SENDİKAL HAREKETİN DURUMU
İşçi sınıfı ve kamu emekçileri, uluslararası sermaye cephesi ve işbirlikçileri tarafından en büyük hak kayıplarına uğratıldıkları bir dönemi yaşıyorlar. Ülkenin en değerli ve stratejik varlıkları özelleştirmeler yoluyla uluslararası ve yerli tekellere peşkeş çekilir, taşeronlaştırma uygulamaları hızla yaygınlaştırılır, işçi kıyımları sürerken; düşük ücret ve maaş artışları dayatılır, kamu emekçilerini de kapsayacak şekilde iş güvencesini ortadan kaldıracak adımlar hızla atılırken; konfederasyonlar ve sendikalar cephesinden bu saldırıları püskürtebilecek bir tavır henüz geliştirilebilmiş değildir.
Saldırıları püskürtecek olanın, işçi ve emekçilerin (emek cephesinin) birleşik mücadelesi olduğu fikri üzerinde kimsenin bir kuşkusu bulunmamaktadır.
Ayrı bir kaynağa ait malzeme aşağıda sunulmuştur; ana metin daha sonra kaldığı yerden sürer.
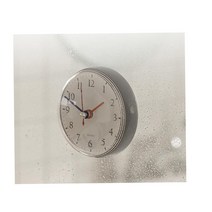 어린이집 칸막이 타일부착시계 샤워부스물막이 방수시계 소형벽시계 욕실흡착시계 작은벽시계 흡착시계, 그레이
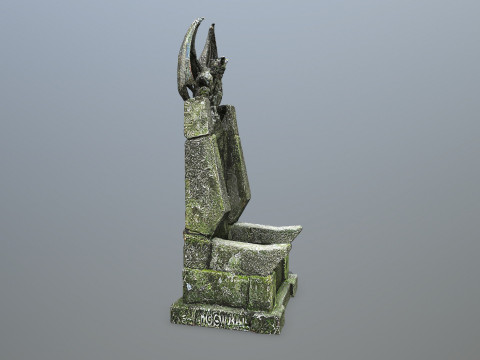 Devil Stone Throne Modelo 3D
Ne var ki, sendikal saflarda söylem düzeyinde sağlanan bu birlik, bir türlü pratiğe dökülüp ete kemiğe bürünememektedir.
Özelleştirmeye muhatap olan işkollarında örgütlü T. Haber-İş, Petrol-İş, Tek-Gıda-İş, Hava-İş gibi sendikaların düne göre daha mücadeleci bir tutum içine girmiş olmaları, sık sık birleşik eyleme vurgu yapmaları da, –önemli olmakla birlikte– durumu değiştirmeye yetmemektedir. Çünkü, birleşik eyleme ne kadar sık vurgu yapılsa da, sendika yönetimleri geleneksel bürokratik çizginin dışına çıkmamakta, çözümü sermaye ve hükümetle “uzlaşarak” ya da en ileri haliyle “hukuk- yargı” zemininde verilecek “mücadelelerle”* dipnot1çözme tutumunu bir türlü terk etmemektedirler. Hal böyle olunca, eylemler lokal düzeyde kalmakta, mücadele ortaklığı sağlanamamakta, saldırı nereye gelirse –dün SEKA ve Seydişehir’de, bugün Telekom ve Tüpraş’ta olduğu gibi– o bölümün hareketlendiği bir durum yaşanmaktadır. Sendika bürokrasisinin pompaladığı, mevcut koşullarda saldırıları püskürtmenin neredeyse tek biçiminin hukuk mücadelesi olduğu fikri, giderek ileri işçileri de kapsayarak, işçiler arasında da yaygınlaşmakta; bu durum, işçi hareketi üzerinde mücadele dinamiklerini tahrip ederek, atalete yol açan bir rol oynamaktadır.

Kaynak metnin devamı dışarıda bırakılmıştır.